= Beginning of Section =
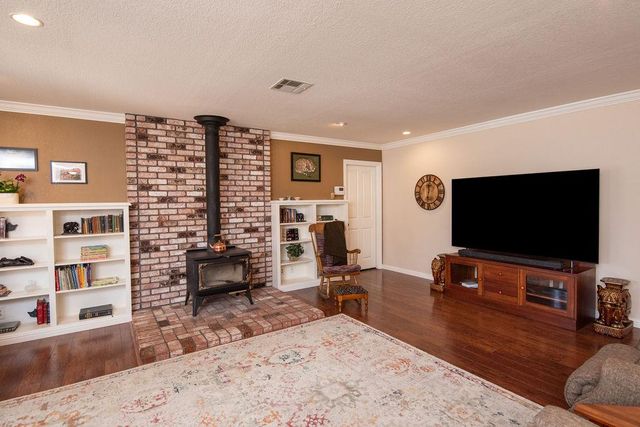 6613 Cypress Wood Cir, Riverbank, CA 95367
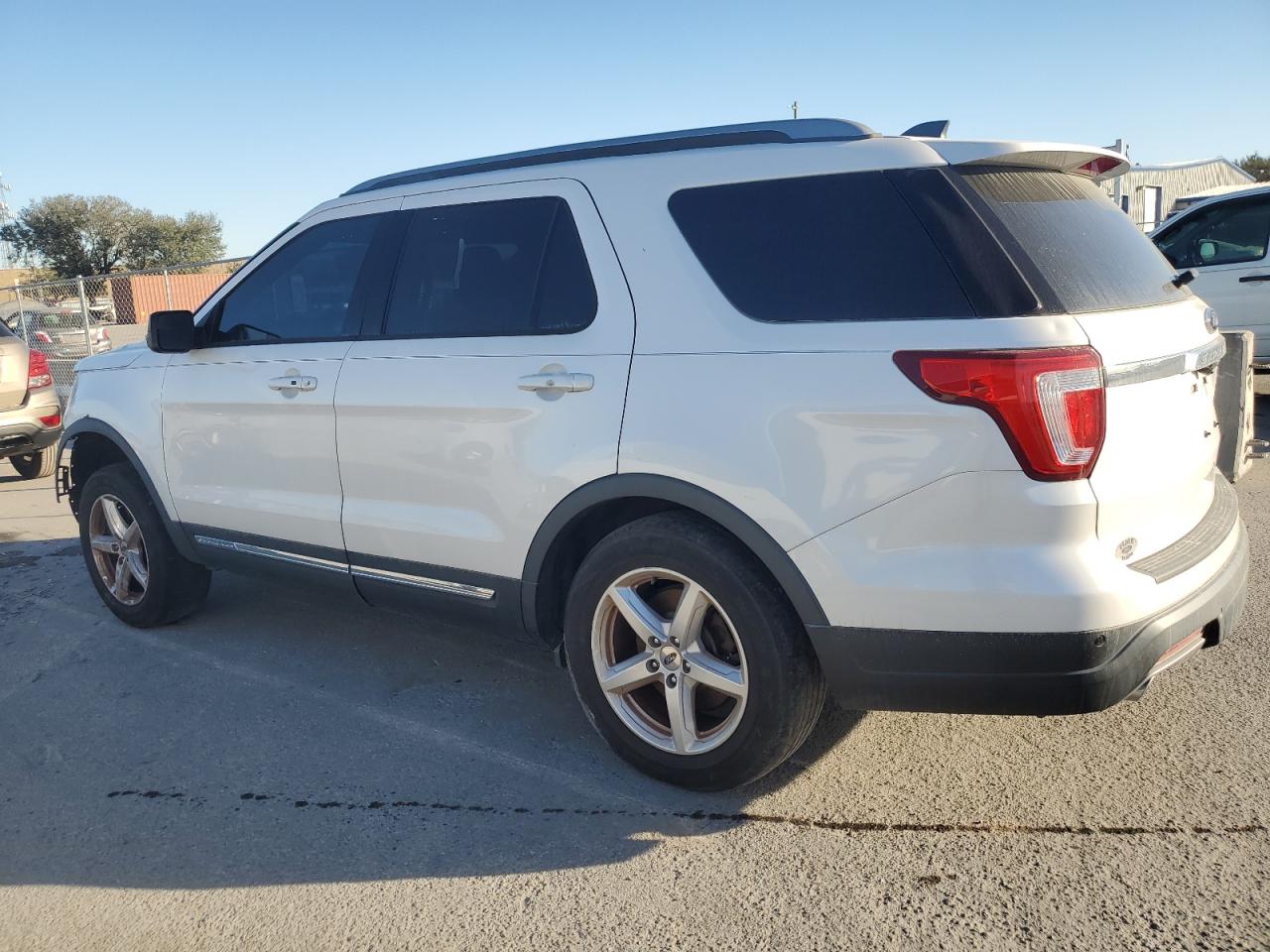 VIN 1FM5K7D88JGC03215 2018 FORD EXPLORER no.2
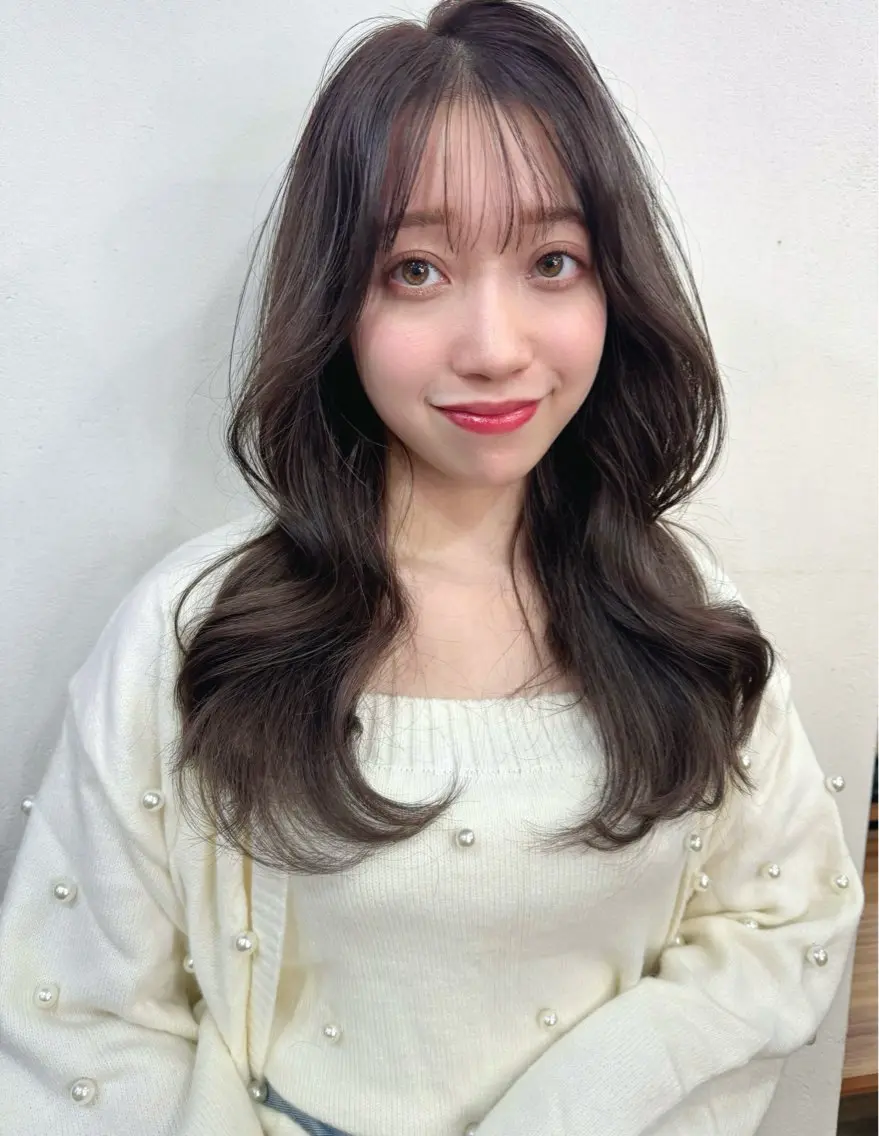 ロング カラー 韓国風ヘア レイヤーカット カット ヘアカラー トリートメント レイヤーカット、 大人可愛い　中村美羅のヘアスタイル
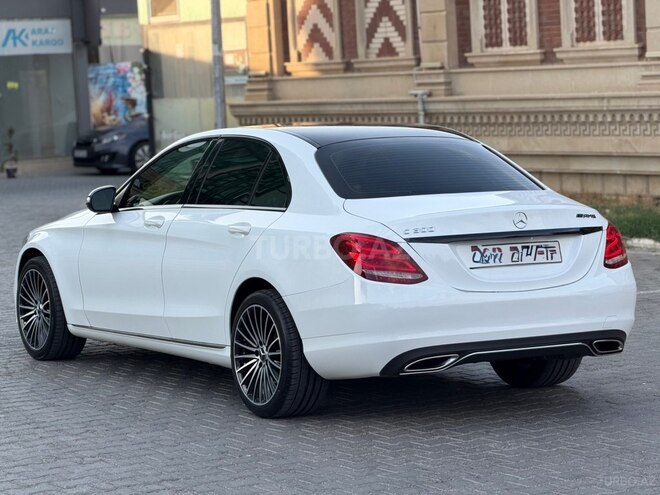 Mercedes C 300 2015, 201,000 km - 2.0 l - Bakı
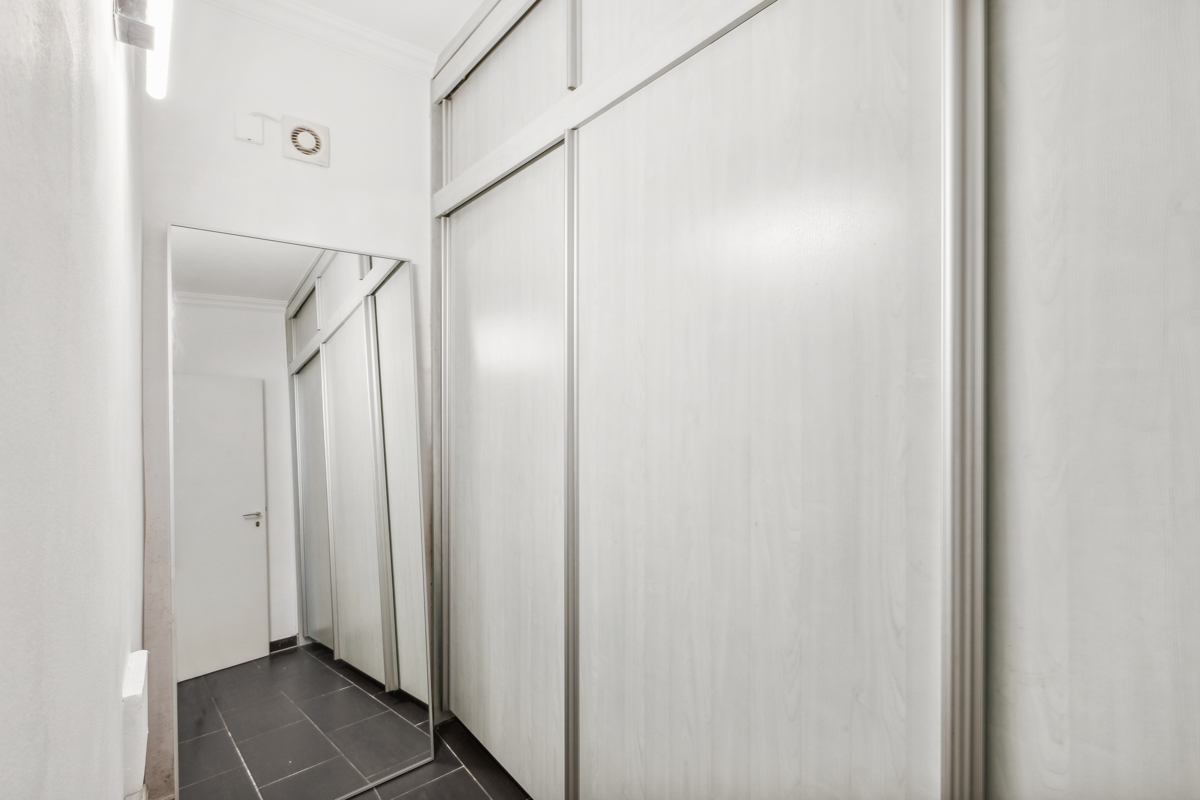 MIt Einbauschrank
= End of Section =
> [WHAT IS BEING ASKED]: Each line of the listing above must be given again exactly; the pictures are to be left out.

> [EXERCISE OUTPUT]:
 6613 Cypress Wood Cir, Riverbank, CA 95367
 VIN 1FM5K7D88JGC03215 2018 FORD EXPLORER no.2
 ロング カラー 韓国風ヘア レイヤーカット カット ヘアカラー トリートメント レイヤーカット、 大人可愛い　中村美羅のヘアスタイル
 Mercedes C 300 2015, 201,000 km - 2.0 l - Bakı
 MIt Einbauschrank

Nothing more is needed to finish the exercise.